I hope it heals up soon!


----------



## Dave (Jul 12, 2006)

It only really hurts if i move my arm... and i did it riding my bicycle, bloody dangerous things i tell you


----------



## darren (Jul 12, 2006)

You shattered it _riding_ your bicycle or _falling off_ it?


----------



## nitelightboy (Jul 12, 2006)

No, didn't do that, but I messed up my left elbow pretty well. Took the better part of a year to really recover from it, though I still have problems now and then. I was playing again in a few months, so it wasn't as bad as it could have been. Get better man!


----------



## Dave (Jul 12, 2006)

darren said:


> You shattered it _riding_ your bicycle or _falling off_ it?



As far as i know i fell off it after i'd already knocked myself out


----------



## metalfiend666 (Jul 12, 2006)

What the hell were you trying to do?


----------



## Dave (Jul 12, 2006)

Go round a bend heading into an underpass... You may never forgot how to ride a bike but you can sure as hell forget how they handle


----------



## nitelightboy (Jul 12, 2006)

And that my friend, is why I drive a truck. It's hard to fall off


----------



## metalfiend666 (Jul 12, 2006)

Dave said:


> Go round a bend heading into an underpass... You may never forgot how to ride a bike but you can sure as hell forget how they handle


 
Evidently!


----------



## nitelightboy (Jul 12, 2006)

Afte rthe last hurricane down here, I was riding my bike. Gas was scarce and alot of the roads were hard to drive on. I was riding home from work one afternoon and saw a puddle. Didn't look deep so I rode through it. The was a HUGE hole right in the middle of it. And I didn't realize that it wasn't just a puddle, but some septic tank seepage. Needless to say, I was in the shower for hours.


----------



## Dive-Baum (Jul 12, 2006)

nitelightboy said:


> Afte rthe last hurricane down here, I was riding my bike. Gas was scarce and alot of the roads were hard to drive on. I was riding home from work one afternoon and saw a puddle. Didn't look deep so I rode through it. The was a HUGE hole right in the middle of it. And I didn't realize that it wasn't just a puddle, but some septic tank seepage.
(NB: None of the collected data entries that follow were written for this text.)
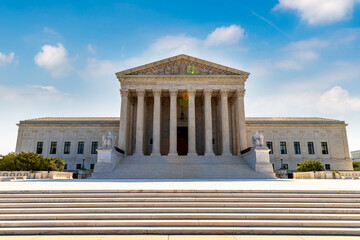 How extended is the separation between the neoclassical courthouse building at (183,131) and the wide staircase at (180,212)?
16.1m

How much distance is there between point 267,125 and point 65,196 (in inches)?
1930

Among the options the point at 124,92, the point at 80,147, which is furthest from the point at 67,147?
the point at 124,92

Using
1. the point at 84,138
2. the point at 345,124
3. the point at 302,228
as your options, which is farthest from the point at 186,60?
the point at 345,124

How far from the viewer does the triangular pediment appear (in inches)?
1505

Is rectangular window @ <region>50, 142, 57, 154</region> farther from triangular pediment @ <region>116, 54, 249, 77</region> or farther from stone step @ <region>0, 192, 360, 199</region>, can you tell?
stone step @ <region>0, 192, 360, 199</region>

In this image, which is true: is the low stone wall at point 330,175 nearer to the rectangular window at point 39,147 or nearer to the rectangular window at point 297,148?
the rectangular window at point 297,148

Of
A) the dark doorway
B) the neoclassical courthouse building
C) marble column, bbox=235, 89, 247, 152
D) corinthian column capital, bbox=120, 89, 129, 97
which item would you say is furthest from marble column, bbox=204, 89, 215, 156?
corinthian column capital, bbox=120, 89, 129, 97

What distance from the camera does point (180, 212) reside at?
979cm

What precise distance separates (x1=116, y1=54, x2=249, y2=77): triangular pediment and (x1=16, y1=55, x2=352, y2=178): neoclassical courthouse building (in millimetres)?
148

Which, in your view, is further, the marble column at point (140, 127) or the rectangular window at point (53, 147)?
the rectangular window at point (53, 147)

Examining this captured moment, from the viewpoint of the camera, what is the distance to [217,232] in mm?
8383

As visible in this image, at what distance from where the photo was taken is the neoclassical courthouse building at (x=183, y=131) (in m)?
32.0
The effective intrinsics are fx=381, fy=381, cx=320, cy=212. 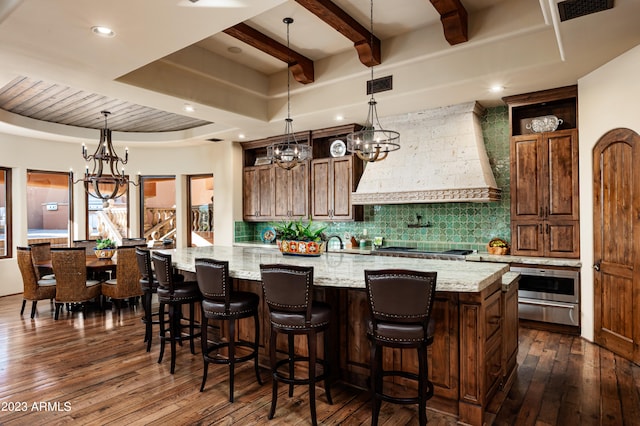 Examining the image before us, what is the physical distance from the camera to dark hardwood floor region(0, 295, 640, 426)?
2.61 m

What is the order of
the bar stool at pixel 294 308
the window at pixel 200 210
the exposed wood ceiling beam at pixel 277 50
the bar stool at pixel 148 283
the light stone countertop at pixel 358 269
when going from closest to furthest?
the light stone countertop at pixel 358 269, the bar stool at pixel 294 308, the bar stool at pixel 148 283, the exposed wood ceiling beam at pixel 277 50, the window at pixel 200 210

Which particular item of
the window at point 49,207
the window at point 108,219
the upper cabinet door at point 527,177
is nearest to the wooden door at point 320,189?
the upper cabinet door at point 527,177

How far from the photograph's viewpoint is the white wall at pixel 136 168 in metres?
6.82

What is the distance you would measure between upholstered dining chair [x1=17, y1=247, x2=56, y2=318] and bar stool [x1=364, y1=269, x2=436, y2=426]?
4.92m

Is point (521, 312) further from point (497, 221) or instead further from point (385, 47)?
point (385, 47)

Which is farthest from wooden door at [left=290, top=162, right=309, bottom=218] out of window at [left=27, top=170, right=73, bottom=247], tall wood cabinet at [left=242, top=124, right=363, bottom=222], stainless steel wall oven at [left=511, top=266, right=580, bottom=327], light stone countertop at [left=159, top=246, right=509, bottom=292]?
window at [left=27, top=170, right=73, bottom=247]

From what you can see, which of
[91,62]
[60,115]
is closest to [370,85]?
[91,62]

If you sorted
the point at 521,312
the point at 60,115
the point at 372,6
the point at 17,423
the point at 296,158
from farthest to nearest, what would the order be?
the point at 60,115 < the point at 521,312 < the point at 296,158 < the point at 372,6 < the point at 17,423

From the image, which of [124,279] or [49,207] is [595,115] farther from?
[49,207]

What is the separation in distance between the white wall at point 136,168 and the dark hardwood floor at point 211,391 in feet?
11.5

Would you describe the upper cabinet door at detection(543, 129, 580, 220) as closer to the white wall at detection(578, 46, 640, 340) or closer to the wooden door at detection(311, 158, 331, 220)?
the white wall at detection(578, 46, 640, 340)

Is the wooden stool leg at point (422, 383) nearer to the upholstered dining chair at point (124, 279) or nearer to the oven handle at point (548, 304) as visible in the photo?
the oven handle at point (548, 304)

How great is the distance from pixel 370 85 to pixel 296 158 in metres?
1.44

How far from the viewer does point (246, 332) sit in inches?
142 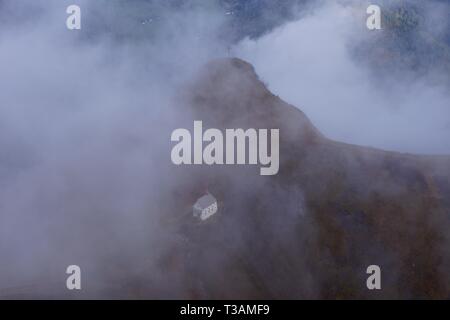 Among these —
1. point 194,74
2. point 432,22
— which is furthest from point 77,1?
point 432,22

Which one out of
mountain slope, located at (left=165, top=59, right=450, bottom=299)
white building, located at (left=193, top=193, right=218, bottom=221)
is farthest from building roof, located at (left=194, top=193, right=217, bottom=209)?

Needless to say, I was in the shower for hours.



Dude, that is gross. Yuk...Yeah those damn gas shortages. We had them up here to. I just couldn't figure out why. I guess everyone and their brother filled up instead of waiting until the tanks got low. I saw a fist fight waiting in line at a station after Jean.


----------



## metalfiend666 (Jul 12, 2006)

nitelightboy said:


> Afte rthe last hurricane down here, I was riding my bike. Gas was scarce and alot of the roads were hard to drive on. I was riding home from work one afternoon and saw a puddle. Didn't look deep so I rode through it. The was a HUGE hole right in the middle of it. And I didn't realize that it wasn't just a puddle, but some septic tank seepage. Needless to say, I was in the shower for hours.


----------



## nitelightboy (Jul 12, 2006)

At the time it sucked. But now I can look back and laugh my but off too!


----------



## Mykie (Jul 12, 2006)

nitelightboy said:


> And that my friend, is why I drive a truck. It's hard to fall off



Dam true


----------



## Dave (Jul 28, 2006)

Turns out i can play guitar already 
I'll probably find out later on this isn't a good idea.. but well you trying leaving a guitar alone


----------



## nitelightboy (Jul 28, 2006)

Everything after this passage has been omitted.